◆ **TASK DETAILS**: For this exercise, retype each line of the material below verbatim and omit any picture.

=== Begin Enclosure ===

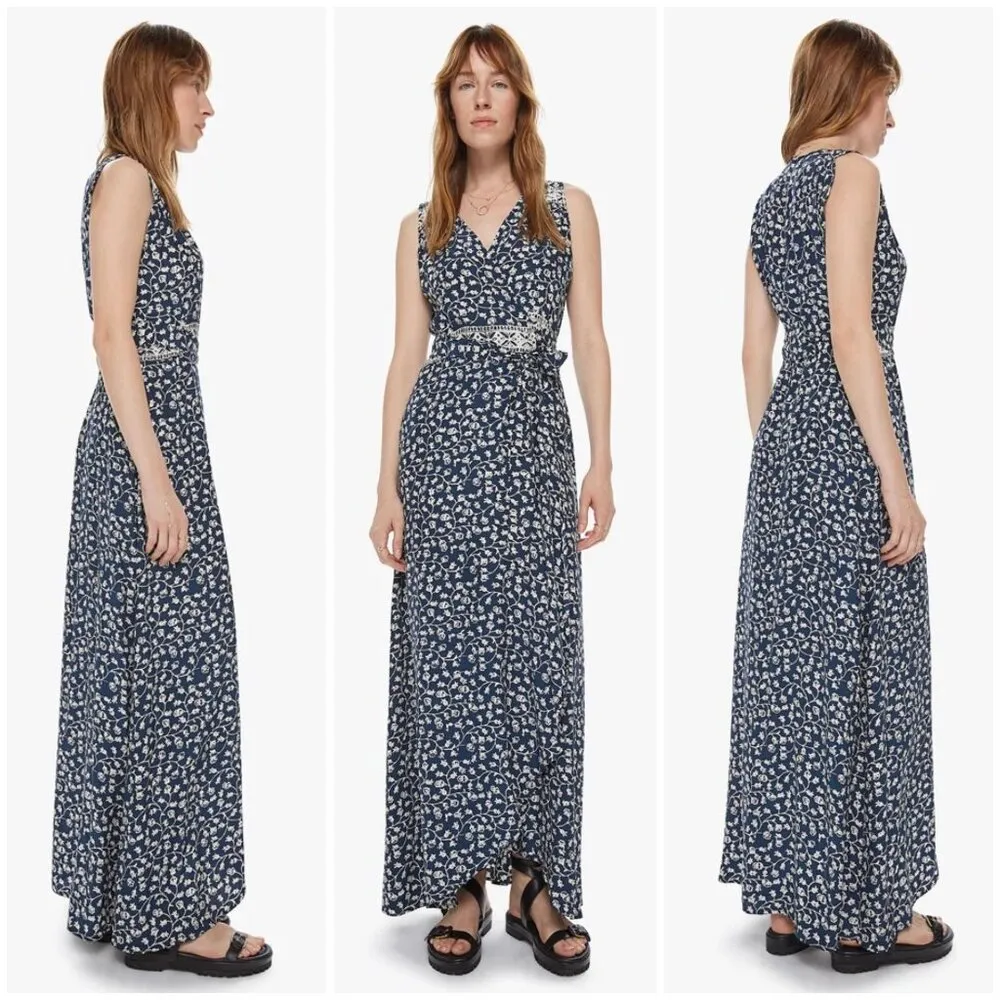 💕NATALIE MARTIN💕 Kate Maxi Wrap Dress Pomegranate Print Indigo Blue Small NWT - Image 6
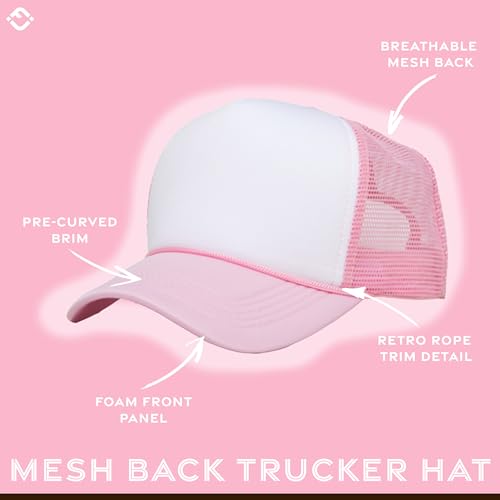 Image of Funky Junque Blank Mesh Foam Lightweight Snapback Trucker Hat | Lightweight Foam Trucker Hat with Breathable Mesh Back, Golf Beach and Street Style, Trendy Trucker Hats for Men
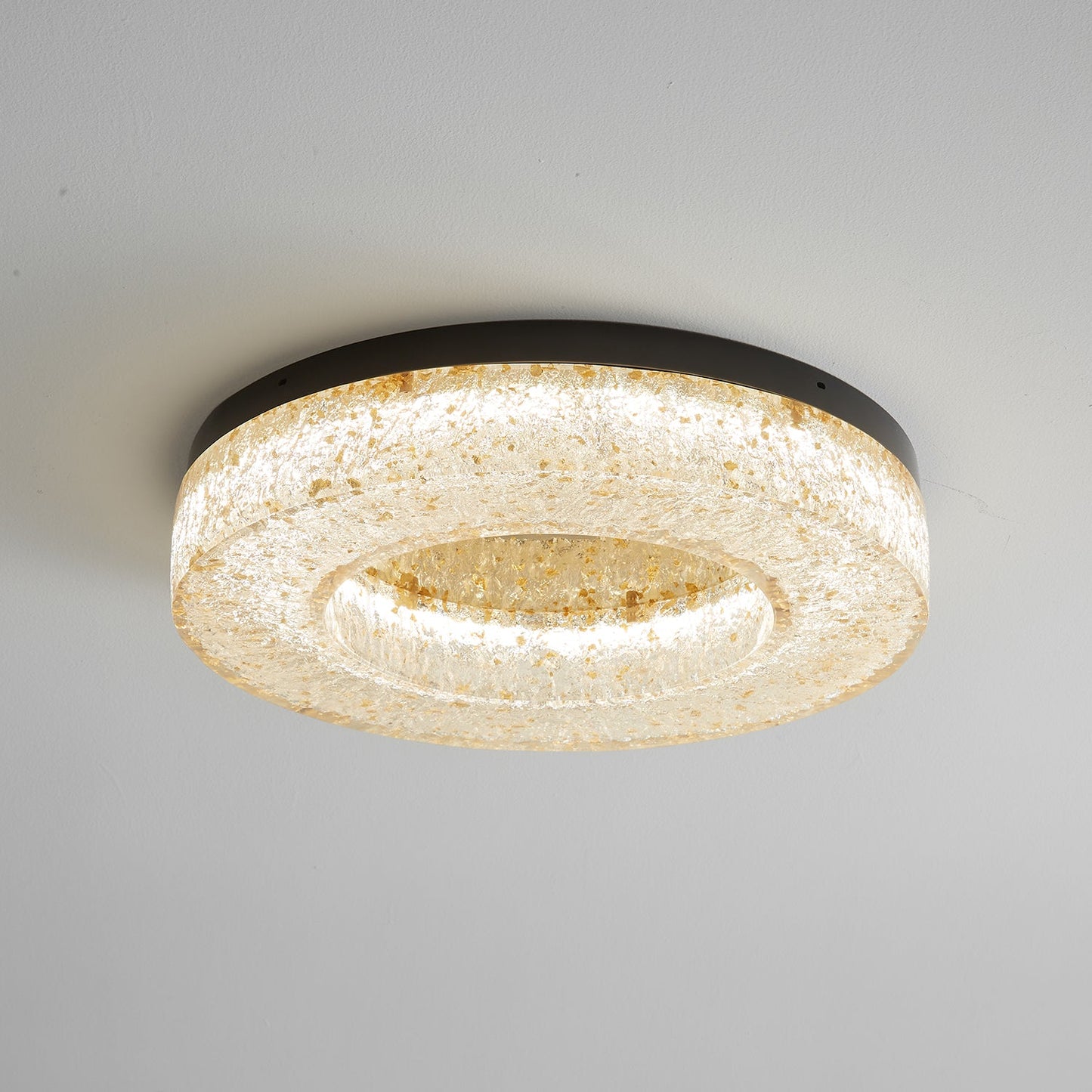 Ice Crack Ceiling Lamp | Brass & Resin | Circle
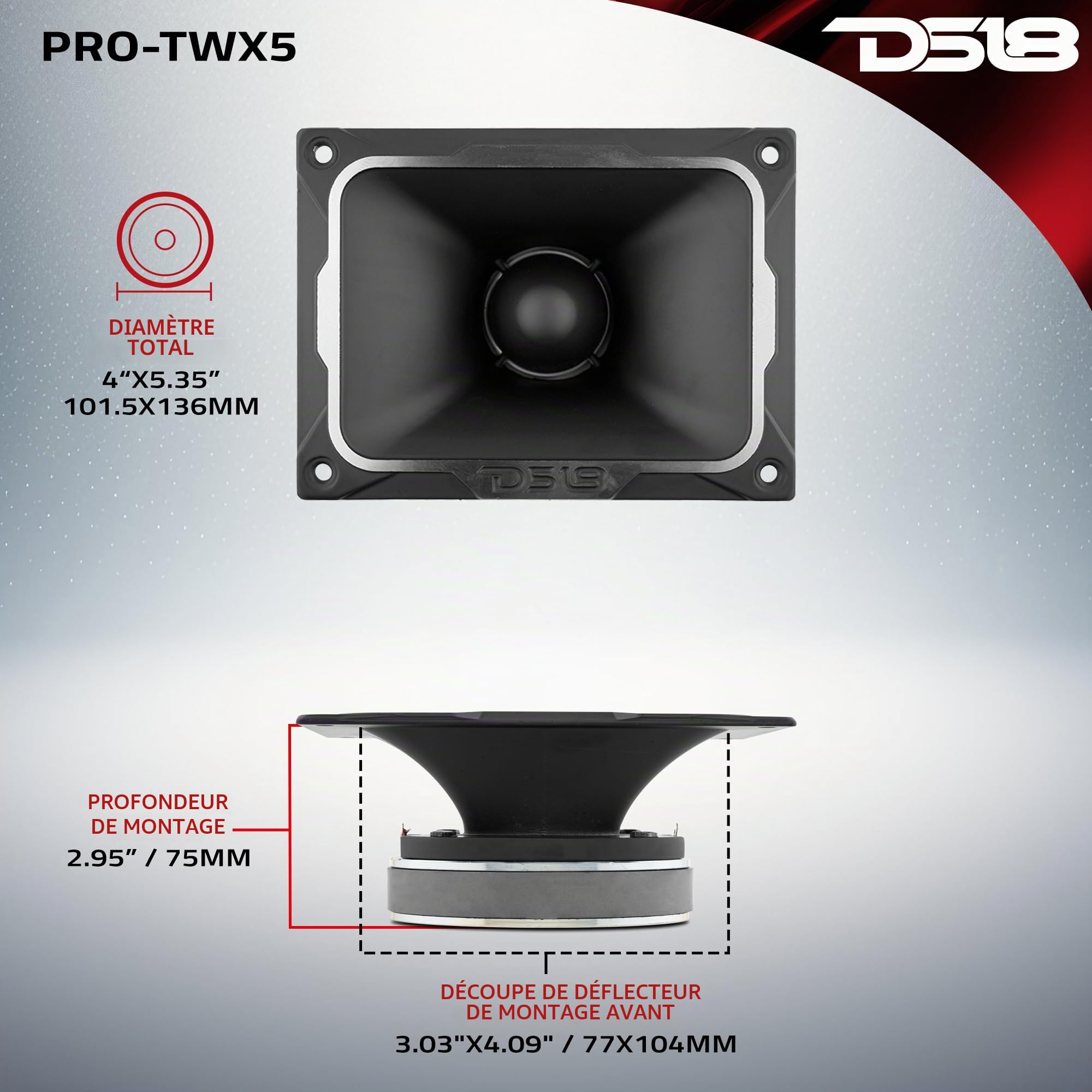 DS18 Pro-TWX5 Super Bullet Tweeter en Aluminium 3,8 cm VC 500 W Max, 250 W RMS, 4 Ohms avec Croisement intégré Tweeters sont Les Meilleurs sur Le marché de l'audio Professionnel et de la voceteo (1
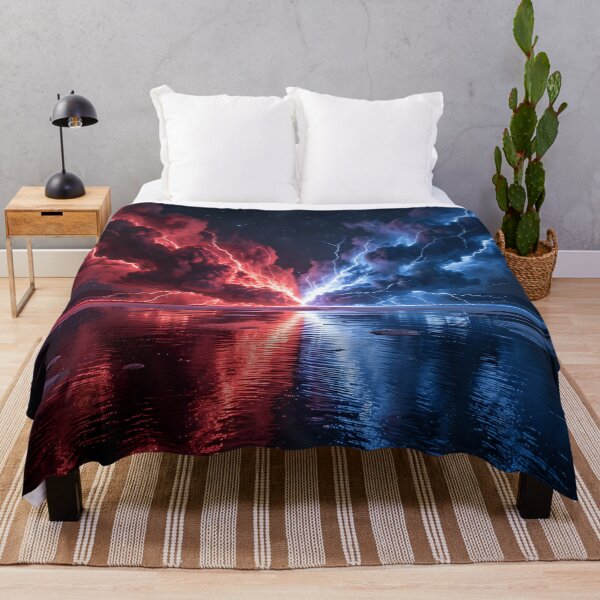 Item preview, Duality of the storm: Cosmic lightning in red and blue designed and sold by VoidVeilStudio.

=== End Enclosure ===

◆ **RESPONSE AREA**:
 💕NATALIE MARTIN💕 Kate Maxi Wrap Dress Pomegranate Print Indigo Blue Small NWT - Image 6
 Image of Funky Junque Blank Mesh Foam Lightweight Snapback Trucker Hat | Lightweight Foam Trucker Hat with Breathable Mesh Back, Golf Beach and Street Style, Trendy Trucker Hats for Men
 Ice Crack Ceiling Lamp | Brass & Resin | Circle
 DS18 Pro-TWX5 Super Bullet Tweeter en Aluminium 3,8 cm VC 500 W Max, 250 W RMS, 4 Ohms avec Croisement intégré Tweeters sont Les Meilleurs sur Le marché de l'audio Professionnel et de la voceteo (1
 Item preview, Duality of the storm: Cosmic lightning in red and blue designed and sold by VoidVeilStudio.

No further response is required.